» Problem to solve
Copy the data that follows, character for character, minus the pictures.

» Given information
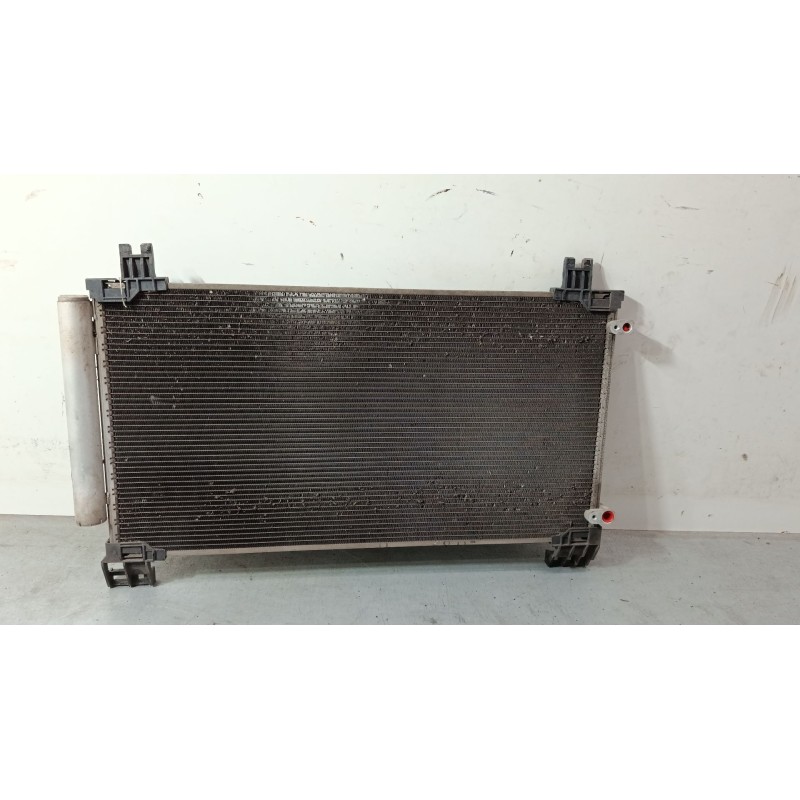 Recambio de radiador a/a /condensador para toyota yaris (_p13_) 1.5 (nsp131_) referencia OEM IAM 884600D550  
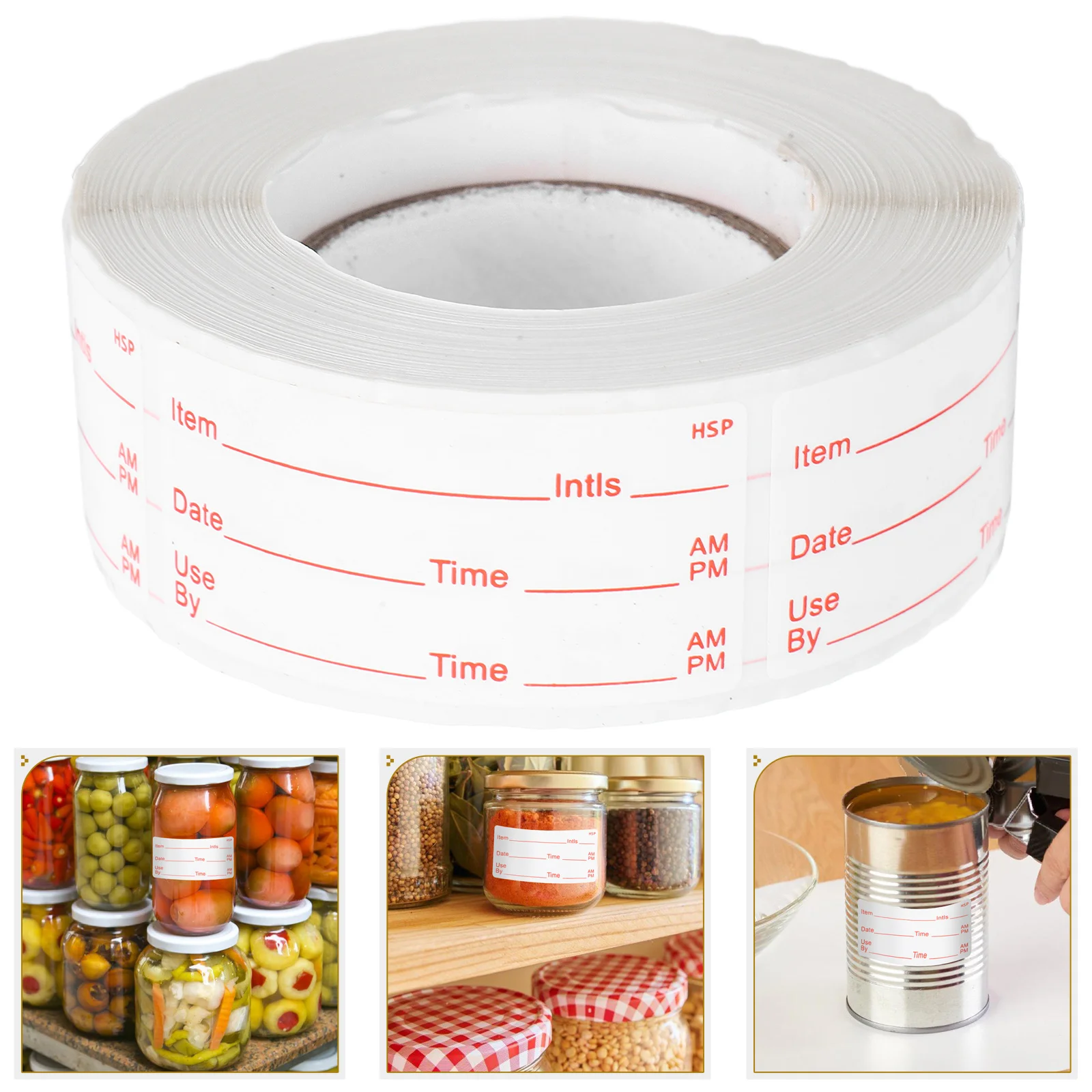 Freezer Labels Pvc Self-Adhesive Removable Oil Resistant Easy Peel Off For Food Containers Bottles Pantry Storage Label
Freezer Labels Pvc Self-Adhesive Removable Oil Resistant Easy Peel Off For Food Containers Bottles Pantry Storage Label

» Written response
 Recambio de radiador a/a /condensador para toyota yaris (_p13_) 1.5 (nsp131_) referencia OEM IAM 884600D550  
 Freezer Labels Pvc Self-Adhesive Removable Oil Resistant Easy Peel Off For Food Containers Bottles Pantry Storage Label
Freezer Labels Pvc Self-Adhesive Removable Oil Resistant Easy Peel Off For Food Containers Bottles Pantry Storage Label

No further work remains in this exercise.